Бесы пушкинские, «метельные». Трудно различимые в белёсой пелене. Они не раз отзовутся в русской литературе. В «Бесах» Достоевского (это подчёркнуто эпиграфом из Пушкина и Нового Завета) совсем смешаются с евангельской притчей:
«Тут на горе паслось большое стадо свиней, и они просили Его, чтобы позволил им войти в них. Он позволил им. Бесы, вышедши из человека, вошли в свиней; и бросилось стадо с крутизны в озеро, и потонуло»[291].
«Пушкинские» бесы закончатся — для прежней, имперской России — «вьюжными» кружениями в «Двенадцати» Блока. Но их «разгул» — причём всего ближе к народному сознанию — изобразит Гоголь в ранней редакции «Вия»:
«Он увидел вдруг такое множество отвратительных крыл, ног и членов, каких не в силах бы был разобрать обхваченный ужасом наблюдатель! Выше всех возвышалось странное существо в виде правильной пирамиды, покрытое слизью. Вместо ног у него было внизу с одной стороны половина челюсти, с другой другая; вверху, на самой верхушке этой пирамиды, высовывался беспрестанно длинный язык и беспрерывно ломался на все стороны. На противоположном крылосе уселось белое, широкое, с какими-то отвисшими до полу белыми мешками, вместо ног; вместо рук, ушей, глаз висели такие же белые мешки. Немного далее возвышалось какое-то чёрное, всё покрытое чешуёю, со множеством тонких рук, сложенных на груди, и вместо головы вверху у него была синяя человеческая рука. Огромный, величиною почти с слона, таракан остановился у дверей и просунул свои усы. С вершины самого купола со стуком грянулось на средину церкви какое-то чёрное, всё состоявшее из одних ног; эти ноги бились по полу и выгибались, как будто бы чудовище желало подняться. Одно какое-то красновато-синее, без рук, без ног протягивало на далёкое пространство два своих хобота и как будто искало кого-то. Множество других, которых уже не мог различить испуганный глаз, ходили, лежали и ползали в разных направлениях: одно состояло только из головы, другое из отвратительного крыла, летавшего с каким-то нестерпимым шипением».
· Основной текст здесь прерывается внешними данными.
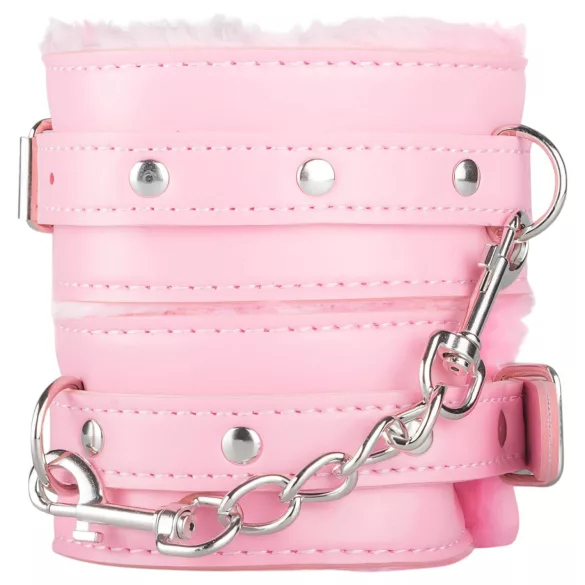 Secret Pleasure Chest - set avansat BDSM - 14 piese (roz)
Но русский бес разнообразен. И в какие только одежды не будет рядиться нечистая сила у русских классиков! В устной истории «Уединённый домик на Васильевском», некогда сочинённой Пушкиным, бес — почти «интеллигент». У Гоголя и раннего Достоевского («Двойник») он посетит мир чиновный. А уж главный герой гоголевской «одиссеи» — «Мёртвые души» — почти очевидно «бесоват».
Русский миф о бесе проявится и у Лермонтова, и у Блока, и у Ремизова, Фёдора Сологуба, Андрея Белого… У «позднего» Достоевского этот персонаж произнесёт такой афоризм, который изумит и писателей-европейцев: «Я сатана, и ничто человеческое мне не чуждо».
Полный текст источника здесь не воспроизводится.